Vainqueur du prix Jabuti 2020 (l'un des prix littéraires brésiliens les plus prestigieux, équivalent du Goncourt en France), succès absolu de critique et de public - vendu à plus de 400.000 exemplaires au Brésil-, traduit entre autres en allemand et en serbo-croate et publié dans plus de vingt-pays, le roman «
Torto Arado» (littéralement : "Araire Tordu") n'est curieusement toujours pas disponible en langue française !
À mi-chemin d'un naturalisme et réalisme social proches du «roman engagé», d'une part, et d'un réalisme magique et d'un lyrisme ancrés dans l'imaginaire populaire et l'héritage culturel afro-brésiliens, «
Torto Arado» est une fiction originale, bien écrite et accessible, et surtout très attachante. «Roman émotionnel», dit-on parfois, exercice non dénué de risques face aux ravins de mièvrerie où l'on risque de glisser en douceur... Ce qui, à mon avis, n'est absolument pas le cas ici.
L'action se déroule au mitan du XXe siècle, autour du destin de deux soeurs, Bibiana et Belonísia, nées dans le «sertão» de l'état de Bahia, fusionnelles depuis qu'un accident fit perdre l'usage de la parole à l'une d'elles.
Couvrant trois générations d'une même famille de «quilombolas» (terme désignant globalement les descendants d'esclaves, ou issus de groupes ethniques indiens ou migrants sans-terre, occupants sans titre de parcelles appartenant à de grands propriétaires terriens), «
Torto Arado» s'inspire directement de la situation calamiteuse dans laquelle l'Abolition, à la fin du XIXe, avait précipité la communauté afro-brésilienne, et témoigne du combat de leurs descendants pour survivre dans des conditions précaires et inhumaines, sous plusieurs aspects analogues à celles de l'esclavage. Sous-citoyens, libérés mais laissés-pour-compte par la République naissante, ceux-ci seront abandonnés à la merci des grands propriétaires terriens et d'un système féodal de servage qui se poursuivra au long du XXe siècle et, malheureusement, persistera encore de nos jours localement à certaines zones rurales reculées de l'immense territoire brésilien.
Il y a des écrivains, fabuleux jongleurs de mots, capables d'agencer autrement ce qui a déjà été écrit d'innombrables fois, et même dans certains cas de ne rien raconter de précis ou de directement décodable par la logique et le langage courants, voire même de déconstruire complètement ces derniers en laissant voguer le verbe dans des zones mentales nébuleuses d'où émergera de temps en temps un vague «je» ; d'autres ont tout simplement une histoire à partager, et cette dernière, qui n'avait pas encore été racontée, ou pas encore de façon aussi percutante, trouve sa beauté et sa pertinence en elle-même et dans le contexte historique ou allégorique où elle prend ses racines, incarnée en même temps par des personnages dont la texture humaine immédiatement tangible et la puissance d'évocation et d'universalité sont susceptibles d'être captées par des lecteurs de tous horizons.

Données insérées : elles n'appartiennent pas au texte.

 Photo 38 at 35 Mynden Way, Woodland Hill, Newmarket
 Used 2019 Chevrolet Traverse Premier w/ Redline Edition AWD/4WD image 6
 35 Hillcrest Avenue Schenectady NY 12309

Itamar Vieira Assunção fait sans doute partie de ces derniers. Et son roman, «
Torto Arado», la première oeuvre de fiction brésilienne à dresser un portrait aussi saisissant et proche de la réalité sociale et économique vécue par des générations successives de descendants d'esclaves libérés après trois siècles de servitude, ainsi que de leurs tout premiers sursauts d'insubordination contre leurs oppresseurs traditionnels.

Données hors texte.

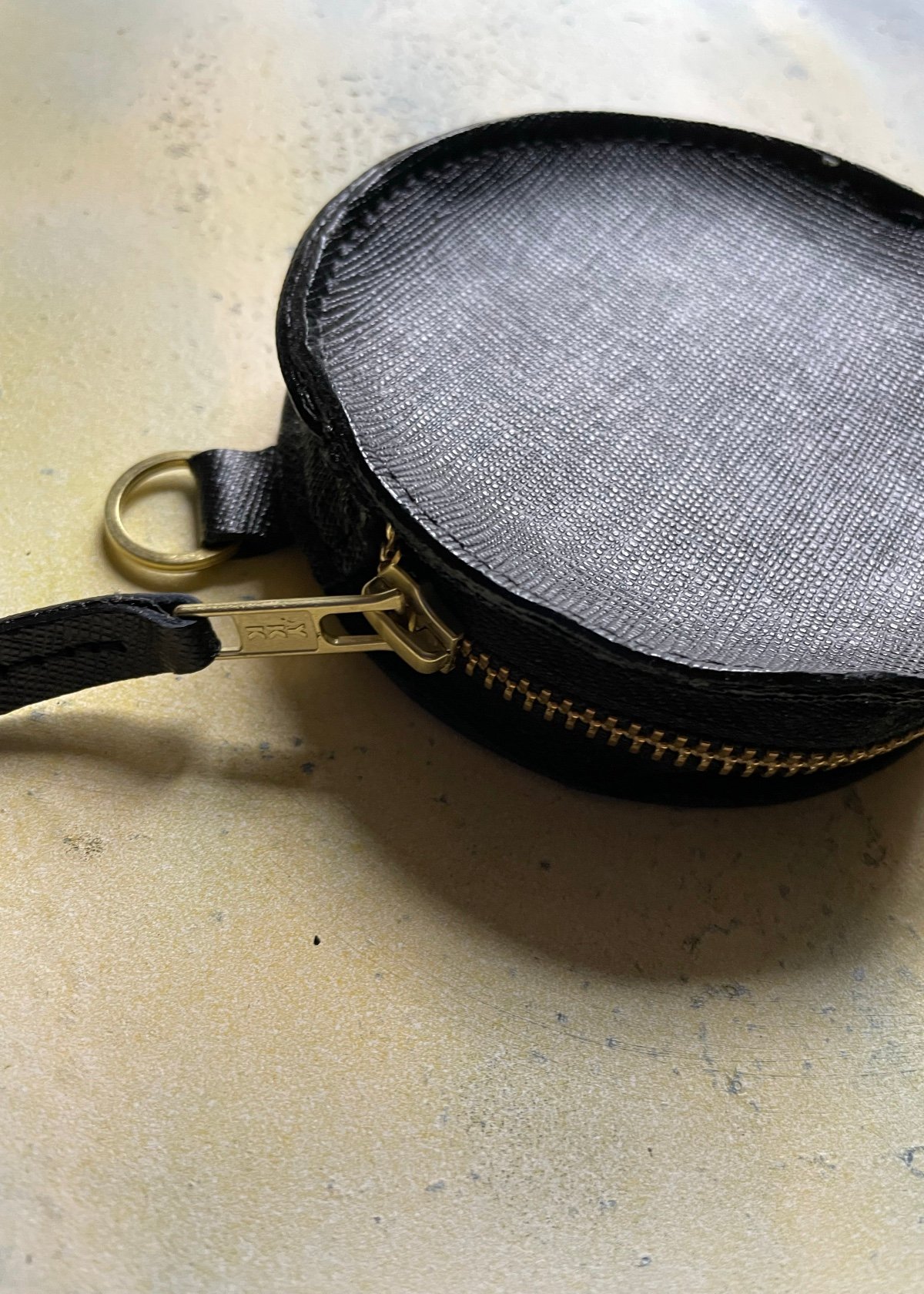 Round sales leather pouch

La prégnance du puissant imaginaire mystique, animique, le syncrétisme forgé à partir de leur héritage culturel (yorouba essentiellement, provenant des régions de l'actuel Bénin et du Nigéria) associé à leur nouvelle expérience socio-culturelle, sont également très présents dans le roman (Zeca «Chapéu Grande», père des deux soeurs narratrices de l'histoire, est aussi le «guérisseur de maux du corps et de l'esprit» de la communauté quilombola de la «fazenda» Água Negra où elles sont nées). Élément primordial pour résister à l'oppression, les rituels inspirés des religions polythéistes afro-brésiliennes (en l'occurrence, le «jarê», pratiqué essentiellement dans la région de la Chapada Diamantina, à Bahia), ont permis de sauvegarder une identité commune aux descendants des esclaves et, plus largement, d'imprimer une marque profonde dans l'ensemble de la culture brésilienne.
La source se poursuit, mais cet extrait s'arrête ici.